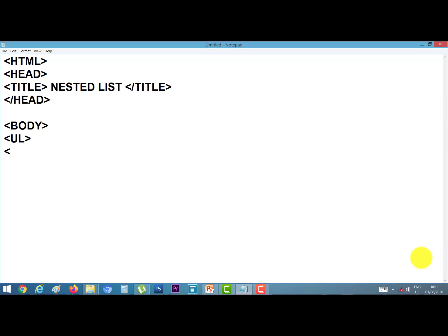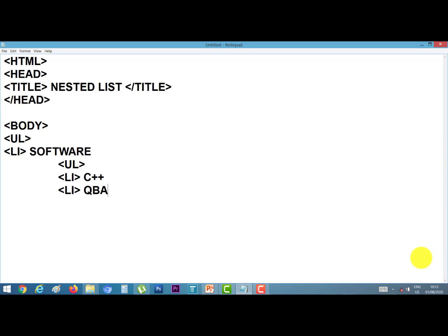Here I start the UL tag. Our first point is software. Again I start another UL tag inside, with LI tags. Our software items are C++, QBasic, and Java. I close the inner UL tag and then close the outer UL tag as well.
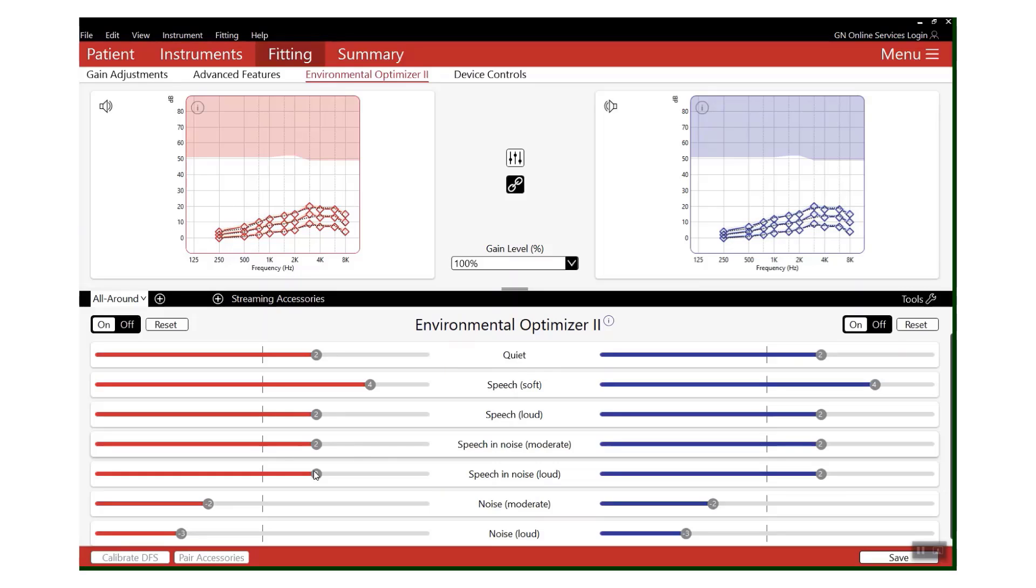Now, so far all we've done is increase the overall gain of the hearing aids when they are classifying into that speech in noise environment. Let's be honest, that's not really going to solve the problem - we've just made it a bit louder.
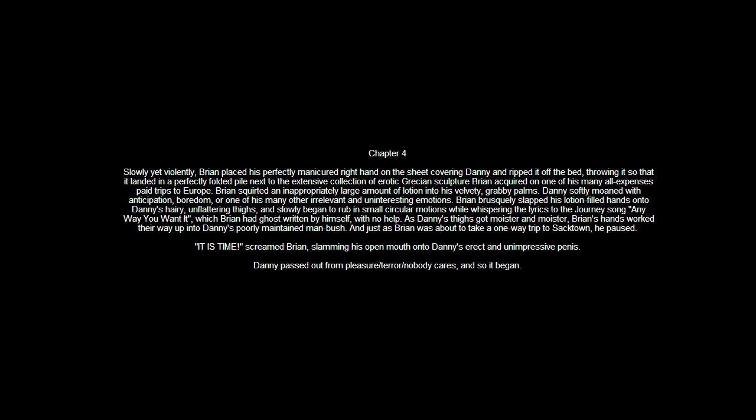As Danny's thighs got moister and moister, Brian's hands worked their way up into Danny's poorly maintained anguish. And just as Brian was about to take a one-way trip to Sacktown, he paused. It is time, screamed Brian, slamming his open mouth onto Danny's erect and unimpressive penis. Danny passed out from pleasure, terror, nobody cares. And so it began.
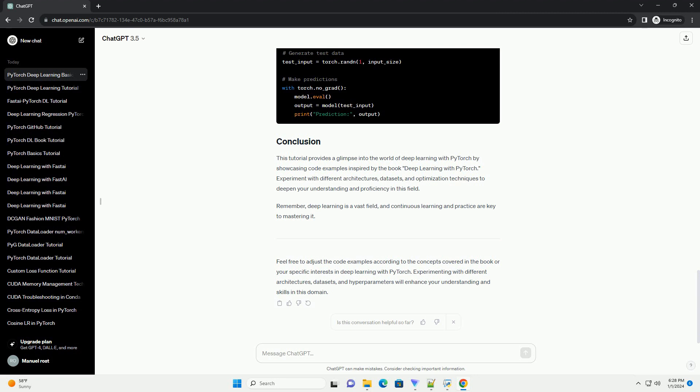Deep Learning with PyTorch is a comprehensive guide covering various aspects of deep learning using PyTorch. It may contain chapters on topics like creating a simple neural network using PyTorch. In this example, we'll define a basic feed-forward neural network with two hidden layers.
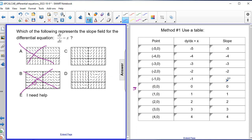Starting at the origin for answer C, I have a slope of zero — that checks. Moving to one zero, two zero, three zero, four zero, all the slopes are positive. Not only that, but the slopes get steeper as I move to larger numbers — starting with a slope of one (about 45 degrees) out to a slope of four, which is quite steep. On the negative side, negative five through negative one are all negative slopes, and the steepness matches accordingly. So C is a strong possibility.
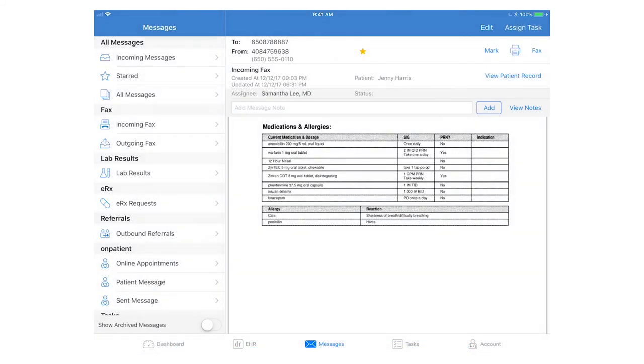That's an overview of how to access the messages in the iPad EHR. You can also reference the video going over the message center on the web.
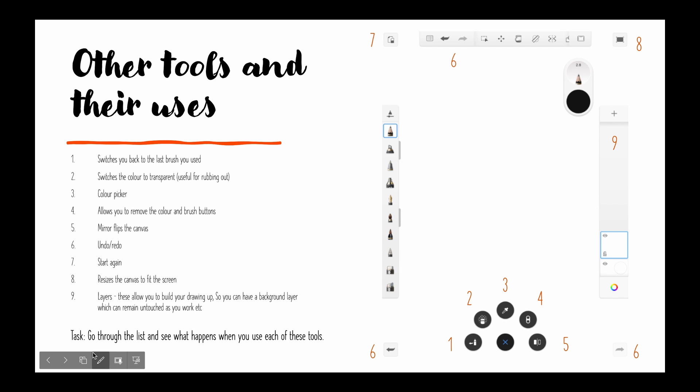The task for this page is to go through the list and see what happens when you're using each of these tools.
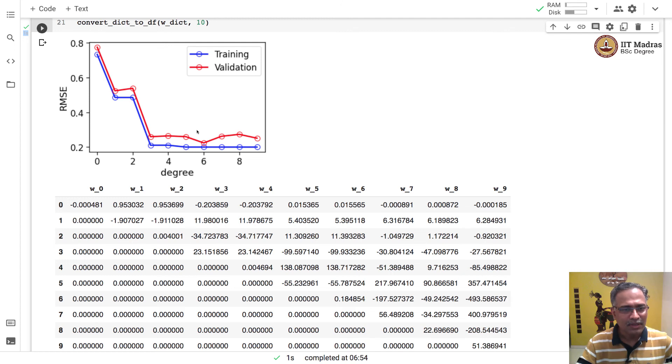In the next part, we will implement the regularization techniques for model selection.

——

How to complete this task: The entries above are to be returned exactly, without their pictures.

Output for this exercise:
Here I start the UL tag. Our first point is software. Again I start another UL tag inside, with LI tags. Our software items are C++, QBasic, and Java. I close the inner UL tag and then close the outer UL tag as well.
Now, so far all we've done is increase the overall gain of the hearing aids when they are classifying into that speech in noise environment. Let's be honest, that's not really going to solve the problem - we've just made it a bit louder.
As Danny's thighs got moister and moister, Brian's hands worked their way up into Danny's poorly maintained anguish. And just as Brian was about to take a one-way trip to Sacktown, he paused. It is time, screamed Brian, slamming his open mouth onto Danny's erect and unimpressive penis. Danny passed out from pleasure, terror, nobody cares. And so it began.
Deep Learning with PyTorch is a comprehensive guide covering various aspects of deep learning using PyTorch. It may contain chapters on topics like creating a simple neural network using PyTorch. In this example, we'll define a basic feed-forward neural network with two hidden layers.
Starting at the origin for answer C, I have a slope of zero — that checks. Moving to one zero, two zero, three zero, four zero, all the slopes are positive. Not only that, but the slopes get steeper as I move to larger numbers — starting with a slope of one (about 45 degrees) out to a slope of four, which is quite steep. On the negative side, negative five through negative one are all negative slopes, and the steepness matches accordingly. So C is a strong possibility.
That's an overview of how to access the messages in the iPad EHR. You can also reference the video going over the message center on the web.
The task for this page is to go through the list and see what happens when you're using each of these tools.
In the next part, we will implement the regularization techniques for model selection.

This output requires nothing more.